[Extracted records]
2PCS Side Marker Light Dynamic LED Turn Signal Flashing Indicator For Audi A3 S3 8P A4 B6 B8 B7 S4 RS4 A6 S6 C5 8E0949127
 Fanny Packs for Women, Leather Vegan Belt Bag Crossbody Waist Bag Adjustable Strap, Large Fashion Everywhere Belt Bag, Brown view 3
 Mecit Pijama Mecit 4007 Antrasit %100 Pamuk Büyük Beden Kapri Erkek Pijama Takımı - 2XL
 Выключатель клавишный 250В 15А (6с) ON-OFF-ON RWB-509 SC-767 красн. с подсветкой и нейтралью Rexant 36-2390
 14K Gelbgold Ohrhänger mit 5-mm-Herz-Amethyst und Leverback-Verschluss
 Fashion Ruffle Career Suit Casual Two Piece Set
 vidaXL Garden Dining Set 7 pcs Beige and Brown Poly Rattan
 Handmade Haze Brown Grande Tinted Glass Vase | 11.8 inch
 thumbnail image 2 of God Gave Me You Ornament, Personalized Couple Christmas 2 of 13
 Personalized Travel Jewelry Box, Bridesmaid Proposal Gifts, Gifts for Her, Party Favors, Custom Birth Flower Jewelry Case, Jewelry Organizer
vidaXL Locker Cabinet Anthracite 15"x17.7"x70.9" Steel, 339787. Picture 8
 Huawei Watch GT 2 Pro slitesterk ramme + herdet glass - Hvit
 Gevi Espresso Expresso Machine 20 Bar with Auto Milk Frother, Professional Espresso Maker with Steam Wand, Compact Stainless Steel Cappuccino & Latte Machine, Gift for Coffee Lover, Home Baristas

▶ **THE TASK**: Please return the lines above that run from the line containing "Fanny Packs for" to the line containing "Выключатель клавишный 250В", inclusive, exactly and with no other lines.

▶ **ANSWER TO THE PROBLEM**:
 Fanny Packs for Women, Leather Vegan Belt Bag Crossbody Waist Bag Adjustable Strap, Large Fashion Everywhere Belt Bag, Brown view 3
 Mecit Pijama Mecit 4007 Antrasit %100 Pamuk Büyük Beden Kapri Erkek Pijama Takımı - 2XL
 Выключатель клавишный 250В 15А (6с) ON-OFF-ON RWB-509 SC-767 красн. с подсветкой и нейтралью Rexant 36-2390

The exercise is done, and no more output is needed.